■ Material provided ■
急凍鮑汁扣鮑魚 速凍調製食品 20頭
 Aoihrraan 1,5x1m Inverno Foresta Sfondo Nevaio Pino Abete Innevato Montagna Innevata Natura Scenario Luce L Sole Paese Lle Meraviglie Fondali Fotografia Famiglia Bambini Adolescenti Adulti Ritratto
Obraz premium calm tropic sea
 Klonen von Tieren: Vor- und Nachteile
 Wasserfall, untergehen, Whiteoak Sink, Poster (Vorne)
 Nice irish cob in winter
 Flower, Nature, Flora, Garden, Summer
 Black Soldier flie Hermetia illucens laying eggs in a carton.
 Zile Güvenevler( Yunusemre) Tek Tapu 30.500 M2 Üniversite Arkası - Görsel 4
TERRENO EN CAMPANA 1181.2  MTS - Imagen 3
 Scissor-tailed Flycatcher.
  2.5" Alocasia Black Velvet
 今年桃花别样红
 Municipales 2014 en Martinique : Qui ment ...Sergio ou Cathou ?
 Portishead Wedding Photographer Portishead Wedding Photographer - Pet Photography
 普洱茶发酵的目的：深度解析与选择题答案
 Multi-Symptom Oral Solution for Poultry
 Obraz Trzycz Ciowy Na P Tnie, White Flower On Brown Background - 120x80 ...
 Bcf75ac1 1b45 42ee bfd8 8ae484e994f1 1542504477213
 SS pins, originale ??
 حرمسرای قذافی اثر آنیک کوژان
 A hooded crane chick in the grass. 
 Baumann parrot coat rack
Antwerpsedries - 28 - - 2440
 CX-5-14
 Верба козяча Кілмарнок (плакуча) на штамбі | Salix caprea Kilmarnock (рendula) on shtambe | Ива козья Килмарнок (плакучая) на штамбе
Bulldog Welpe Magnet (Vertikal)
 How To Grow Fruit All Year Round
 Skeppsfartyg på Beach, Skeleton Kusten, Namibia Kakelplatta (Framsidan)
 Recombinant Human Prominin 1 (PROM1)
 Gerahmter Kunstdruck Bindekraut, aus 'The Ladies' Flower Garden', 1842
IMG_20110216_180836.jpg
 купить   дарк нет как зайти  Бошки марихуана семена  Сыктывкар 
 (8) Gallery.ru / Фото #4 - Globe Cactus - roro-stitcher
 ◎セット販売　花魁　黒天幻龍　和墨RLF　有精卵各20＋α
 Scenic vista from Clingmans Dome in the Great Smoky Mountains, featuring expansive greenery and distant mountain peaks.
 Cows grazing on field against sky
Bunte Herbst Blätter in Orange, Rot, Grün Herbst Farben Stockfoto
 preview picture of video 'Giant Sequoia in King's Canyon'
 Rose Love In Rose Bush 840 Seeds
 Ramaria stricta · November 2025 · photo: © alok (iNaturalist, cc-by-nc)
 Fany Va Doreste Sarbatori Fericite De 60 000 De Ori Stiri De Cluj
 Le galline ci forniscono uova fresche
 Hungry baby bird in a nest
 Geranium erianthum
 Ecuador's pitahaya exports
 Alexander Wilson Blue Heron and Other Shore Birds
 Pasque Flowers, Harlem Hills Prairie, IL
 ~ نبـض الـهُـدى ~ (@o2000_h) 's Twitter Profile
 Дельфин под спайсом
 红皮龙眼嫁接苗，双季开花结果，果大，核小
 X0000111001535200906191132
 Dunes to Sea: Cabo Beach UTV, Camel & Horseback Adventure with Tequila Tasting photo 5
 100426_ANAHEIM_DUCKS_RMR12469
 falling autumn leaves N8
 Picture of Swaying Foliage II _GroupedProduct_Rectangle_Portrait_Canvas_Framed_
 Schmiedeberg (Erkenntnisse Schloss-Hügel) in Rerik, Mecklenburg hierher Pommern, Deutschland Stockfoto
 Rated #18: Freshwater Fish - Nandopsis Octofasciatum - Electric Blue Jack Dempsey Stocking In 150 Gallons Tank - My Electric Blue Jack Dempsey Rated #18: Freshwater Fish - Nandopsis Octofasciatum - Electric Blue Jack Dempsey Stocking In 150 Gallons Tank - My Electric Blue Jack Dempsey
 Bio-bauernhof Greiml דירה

■ Task description ■
Where the line holding "حرمسرای قذافی اثر آنیک کوژان" appears in the listing above, start reproducing exactly, and end with the line holding "Scenic vista from".

■ Task response ■
 حرمسرای قذافی اثر آنیک کوژان
 A hooded crane chick in the grass. 
 Baumann parrot coat rack
Antwerpsedries - 28 - - 2440
 CX-5-14
 Верба козяча Кілмарнок (плакуча) на штамбі | Salix caprea Kilmarnock (рendula) on shtambe | Ива козья Килмарнок (плакучая) на штамбе
Bulldog Welpe Magnet (Vertikal)
 How To Grow Fruit All Year Round
 Skeppsfartyg på Beach, Skeleton Kusten, Namibia Kakelplatta (Framsidan)
 Recombinant Human Prominin 1 (PROM1)
 Gerahmter Kunstdruck Bindekraut, aus 'The Ladies' Flower Garden', 1842
IMG_20110216_180836.jpg
 купить   дарк нет как зайти  Бошки марихуана семена  Сыктывкар 
 (8) Gallery.ru / Фото #4 - Globe Cactus - roro-stitcher
 ◎セット販売　花魁　黒天幻龍　和墨RLF　有精卵各20＋α
 Scenic vista from Clingmans Dome in the Great Smoky Mountains, featuring expansive greenery and distant mountain peaks.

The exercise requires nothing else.